Seems to me your comment would have received more votes if you had amplified it a bit considering the majority viewpoint of readers attracted to this blog. What Eli’s assumption depends upon: The biblical words are ‘God created man in his own image’, which hinges on assuming God created the universe. Now, if God can create us in his own image, why can’t we create a sentient AI in Our own image? Did god pass on to us whatever “power” he used to endow us with sentience so that we are also empowered to pass on sentience? Can we arrive at a correct answer just be looking at the evidence?
From the theistic approach we live in a universe .. one theory (Linde) is that we live in a multiverse with many local universes with their own laws of physics, perhaps they are turing-computable? There is controversy about whether the baby universe is shaped (inherits) laws from the parent universe or whether the physical laws of the baby universe evolve on their own, essentially random in relationship to the parent universe. It is known that experiment cannot provide an answer to which way this unfolds.

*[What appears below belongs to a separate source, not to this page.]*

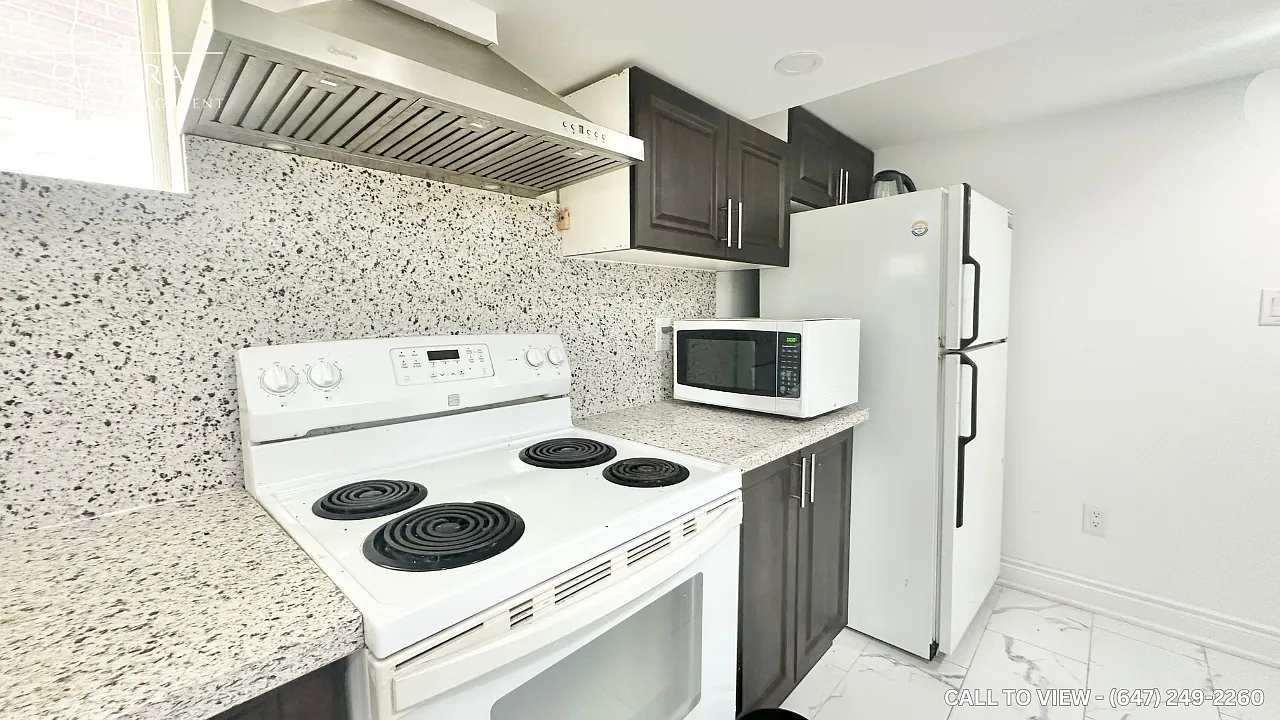 3 bed, 1.5 bath, 900 sqft, $1,995 — Photo 4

Looking at the physical laws of this universe (observations) doesn’t provide insight as to which, if any, inheritable traits are passed from parent to baby universe.
In other words, even if the laws of this universe are turing-computable (Zuse, Fredkin/Wolfram, and Deutsch in an expanded CT Thesis sense) that doesn’t provide the foundation for a firm conclusion, because not all possibilities are excluded with this amount of information. Computability is an algorithmic thus cause and effect structure. This doesn’t answer the question of whether the origin of the universe is likewise computable. Most current theories introduce faster than light source moments and computability/law of cause and effect, have a speed of light limitation. A similar difficulty arises in the effort to reconcile Relativity and Quantum Theory->to make it universal, called the Problem of Gravity which is really a problem about defining and integrating time.

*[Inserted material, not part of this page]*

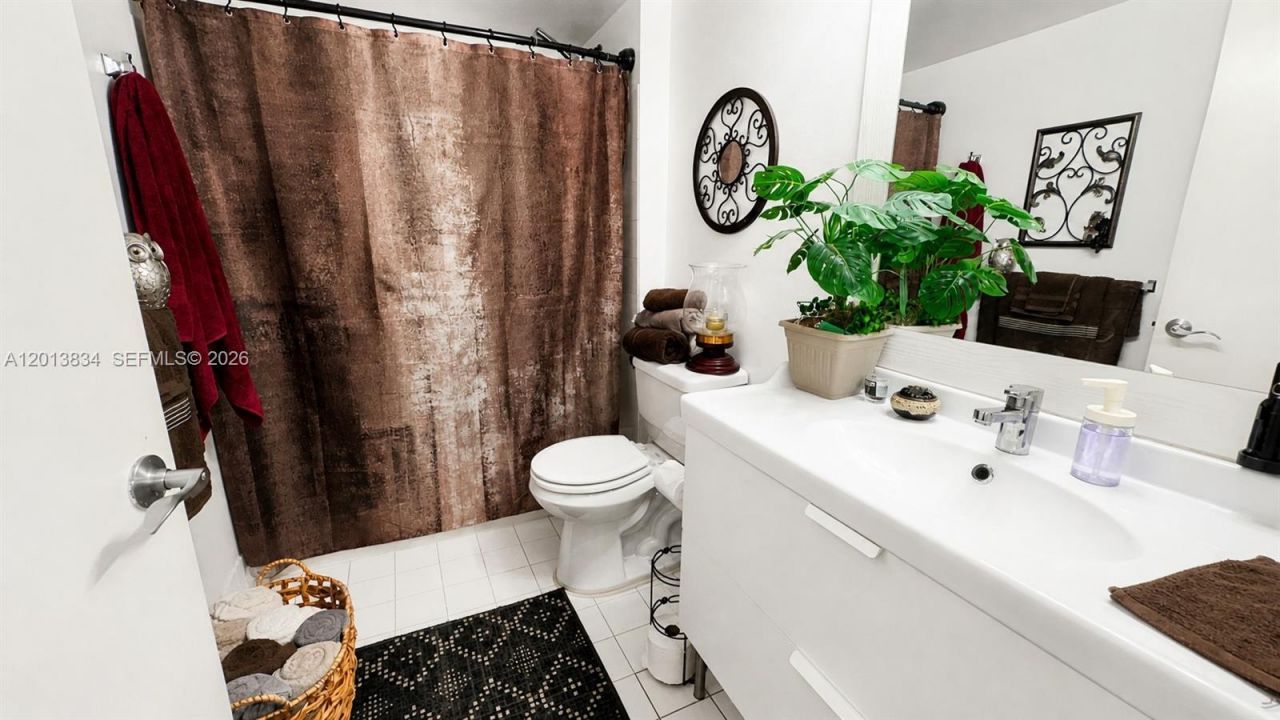 460 S Park Rd , Unit 6-109, Hollywood, FL 33021 Photo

Cause and Effect unfolds over time. The question is called The Problem of First Cause. What was the cause which first spawned this universe in which have evolved. Causes have effects. What was the effect which generated the beginning of the universe? There is a paradox if you define the first cause as identical to the first effect because the progression through time is eliminated which is the hallmark of a relativistic theory of the universe. Religions get around this by positing a God, one without beginning and without end = eternal. If God is identified as the same as the physical universe then he comes to an end assuming the universe has a finite span. The problem is that we are in the forest and can’t see the extent of the forest to come to a good answer based on observed evidence. We are not in the same category. So that is the leap of logic, ‘Life having been proven to be Turing-complete’ leads to an over-generalization because one has to assume that this description is exactly analogous to an evidence based conclusion that human sentience is a causal product of a physical universe evolving according to fixed physical universal laws which are identical to their origin.
I favor this view, but that doesn’t mean it isn’t circular which is the heart of Chad2′s criticism. It’s yet another grasp for a firm foundation to answer the core question(s) of Who Am I and What Is My purpose. The tacit assumption contained in Eli’s quoted statement is inspired by the same need to invent Karma and Reincarnation to try to show that life is actually fair and that we can make sense of it. One doesn’t need to be a theist to deny “The leap is that the Church–Turing thesis applies to human (“sentient”) cognition. Many theists deny this.” one just needs to be a critical thinker not ready to adopt a ready plausible answer based on using human reasoning as a great tool to explore consciousness conundrums.
Read Gödel, Escher, Bach. And google “Turing Machine”.